WORK TO COMPLETE
Where the records below reach the line containing "Lamine Yamal falló", start transcribing, and end with the line containing "Reizen Naar En", exactly and with nothing else added.
[[ DATA EXCERPTS, beginning ]]
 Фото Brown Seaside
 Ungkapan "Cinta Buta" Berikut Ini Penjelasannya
[[ DATA EXCERPTS, end ]]
[[ DATA EXCERPTS, beginning ]]
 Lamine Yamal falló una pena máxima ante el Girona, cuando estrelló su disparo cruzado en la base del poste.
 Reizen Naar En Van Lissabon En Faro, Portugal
[[ DATA EXCERPTS, end ]]
EXPECTED ANSWER
 Lamine Yamal falló una pena máxima ante el Girona, cuando estrelló su disparo cruzado en la base del poste.
 Reizen Naar En Van Lissabon En Faro, Portugal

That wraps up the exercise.